Birleşen davada davalı vekilinin cevap dilekçesinde özetle; alacağın zamanaşımına uğradığını, taraflar arasında yazılı bir sözleşme bulunmadığı gibi kararlaştırılmış bir teslim tarihininde bulunmadığını, davacı tarafça sunulan delillerin hukuki kıymetinin bulunmadığını, davacı ile …….. arasında düzenlenen sözleşmenin müvekkili açısından bağlayıcı olmadığını savunarak birleşen davanın reddine karar verilmesini talep etmiştir.

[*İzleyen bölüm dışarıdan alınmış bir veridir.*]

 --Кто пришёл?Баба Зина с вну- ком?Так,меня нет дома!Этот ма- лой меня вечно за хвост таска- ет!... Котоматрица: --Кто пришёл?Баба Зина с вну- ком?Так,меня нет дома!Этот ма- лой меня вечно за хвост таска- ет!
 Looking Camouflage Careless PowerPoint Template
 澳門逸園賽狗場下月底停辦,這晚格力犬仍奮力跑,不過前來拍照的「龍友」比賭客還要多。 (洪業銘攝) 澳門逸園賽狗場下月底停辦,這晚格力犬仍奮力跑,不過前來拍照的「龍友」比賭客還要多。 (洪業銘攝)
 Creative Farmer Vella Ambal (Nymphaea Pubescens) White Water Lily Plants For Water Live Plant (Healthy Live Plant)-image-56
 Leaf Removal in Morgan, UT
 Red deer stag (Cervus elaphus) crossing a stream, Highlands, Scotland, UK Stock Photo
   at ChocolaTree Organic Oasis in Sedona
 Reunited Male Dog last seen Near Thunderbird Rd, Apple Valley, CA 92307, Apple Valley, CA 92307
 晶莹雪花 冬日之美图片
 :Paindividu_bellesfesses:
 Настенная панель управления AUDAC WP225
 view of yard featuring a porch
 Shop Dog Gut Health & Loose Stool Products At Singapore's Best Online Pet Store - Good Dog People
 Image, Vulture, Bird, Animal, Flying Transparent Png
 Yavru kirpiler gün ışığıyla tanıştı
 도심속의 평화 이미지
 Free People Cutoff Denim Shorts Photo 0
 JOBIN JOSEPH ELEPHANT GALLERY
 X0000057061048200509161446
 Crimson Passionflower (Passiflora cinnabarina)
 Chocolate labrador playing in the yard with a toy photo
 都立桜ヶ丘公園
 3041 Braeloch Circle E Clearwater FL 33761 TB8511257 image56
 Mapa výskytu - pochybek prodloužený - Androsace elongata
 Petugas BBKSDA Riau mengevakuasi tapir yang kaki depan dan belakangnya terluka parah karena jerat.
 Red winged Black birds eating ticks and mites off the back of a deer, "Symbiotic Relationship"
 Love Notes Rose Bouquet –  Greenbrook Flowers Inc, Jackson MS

Birleşen davada davacı vekili Bakırköy … Asliye Ticaret Mahkemesi …esas sayılı dosyasında sunduğu dava dilekçesinde özetle; Müvekkil şirketin davalı … firmasına karşı dava açtığı, davacı olduğu konusu aynı olan davanın ………. esas sayılı dava dosyası ile birleştirilmesini, sözlü anlaşma gereği edim yerine getirildiği halde ödeme yapılmadığı, takibin usule uygun olmaması nedeniyle asıl davanın usulden reddedildiğini, başlatılan icra takibine itirazın iptali ile icra inkar tazminatına hükmedilmesini talep ve dava etmiştir.
DELİLLER:Dava, birleşen dava ve cevap dilekçeleri, Küçükçekmece …İcra Müdürlüğü’nün … esas sayılı takip dosyası, bilirkişi raporu ve tüm dosya kapsamı… vs.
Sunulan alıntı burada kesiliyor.